The reference implementation is available on Netlib. However, this implementation is rarely used, since it was not developped to be efficient. Other implementations are therefore provided on our supercomputers. Those implementations were optimized for specific processors and usually perform much better, while retaining the compatibility with the reference implementation and the precision of the computation.
The original version is written in Fortran 77. However, there is a C implementation called CBLAS. This version is usually provided with the same package. The functions are grouped in three categories : level 1, 2 and 3. The level 1 functions deal with vector-vector operations. The level 2 functions deal with vector-matrix operations, and the level 3 deal with matrix-matrix operations.
A typical BLAS call is of the form
where T corresponds the type of data, and oper describes the operation to be performed. The possible data types are s, d, c, z, which respectively mean single precision (float), double precision, complex single precision, and complex double precision.
For example, the function ddot will compute the dot product of two vectors of doubles, the function zgemm will compute the matrix-matrix product of two general matrices of double complex numbers, and sgemv will compute the matrix-vector product with single precision floating point numbers.
Memory data representation
All BLAS functions assume that the matrix and vector data are stored contiguously in memory. This implies for example that a matrix can not be represented as a vector of vectors.
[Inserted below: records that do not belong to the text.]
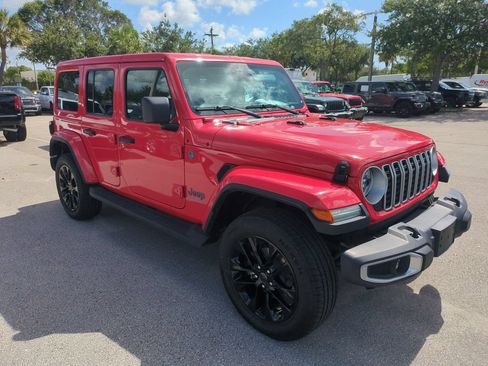 Used 2025 Jeep Wrangler Unlimited Sahara AWD/4WD image 2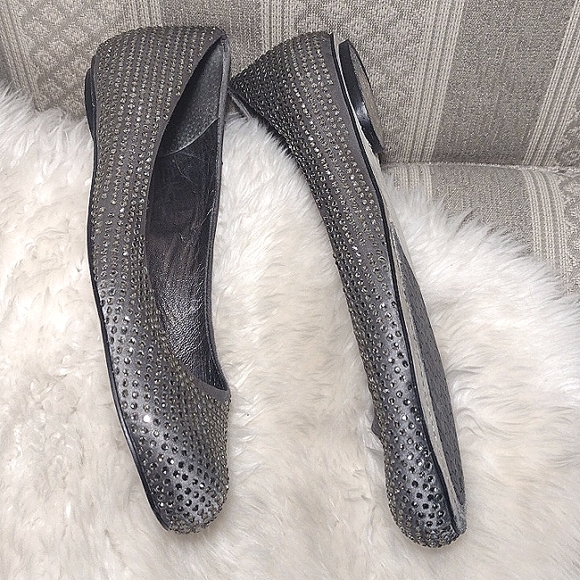 BCBG MaxAzria Gray Sparkling Flats - Picture 4 of 14
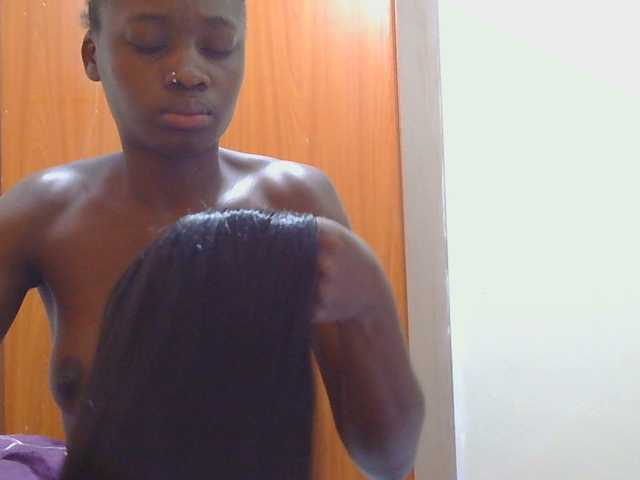 Melaninqueen19 live cam on BongaCams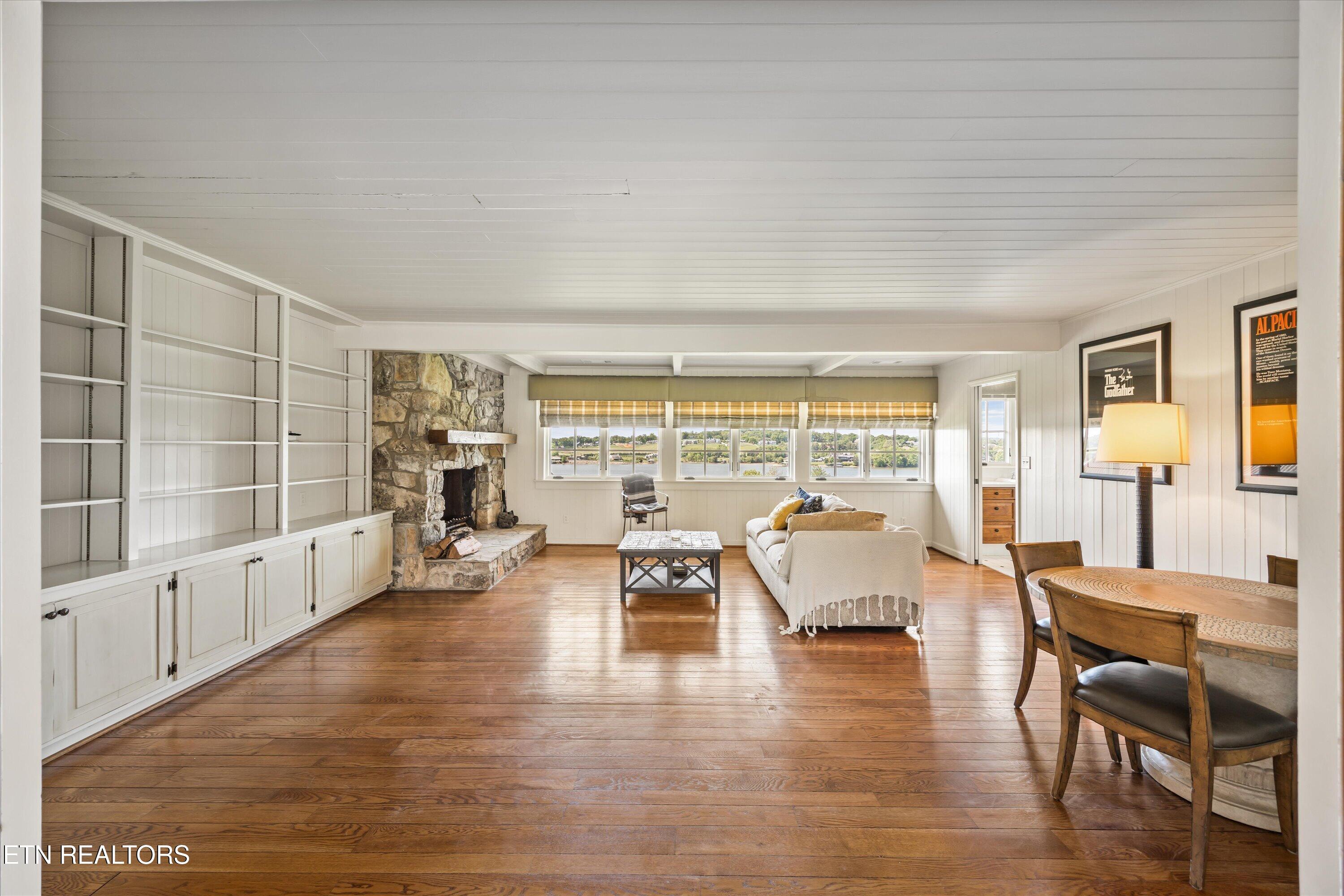 206 Osprey Point Louisville TN 37777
It needs to be represented as a block of N x M contiguous elements in memory. Moreover, vectors and matrices of complex numbers must be stored such that the real and imaginary parts of a given element are contiguous in memory.
BLAS is a standard API. While the reference implementation is that of Netlib, it is usually not recommended to use it. The reason is that there are much more optimized implementations than that of Netlib.
ATLAS (Automatically Tuned Linear Algebra Software) contains a BLAS implementation written in C and developped by the open source scientific comunity. At compile time, ATLAS attempts to optimize the code to the used architecture.
Even though it performs better than the reference implementation, ATLAS is not as optimized as the MKL and GotoBLAS implementations.
Intel Math Kernel Library (MKL)
Math Kernel Library is a commercial mathematical library that includes BLAS optimized for Intel processors. It is the implementation that is recommended in most cases on our servers.
GotoBLAS2 is a BLAS implementation developped by Kazushige Goto. This is an important implementation since it provides a great number of optimizations written in assembly code to reduce cache misses and TLB misses. In some cases, this is the fastest implementation available.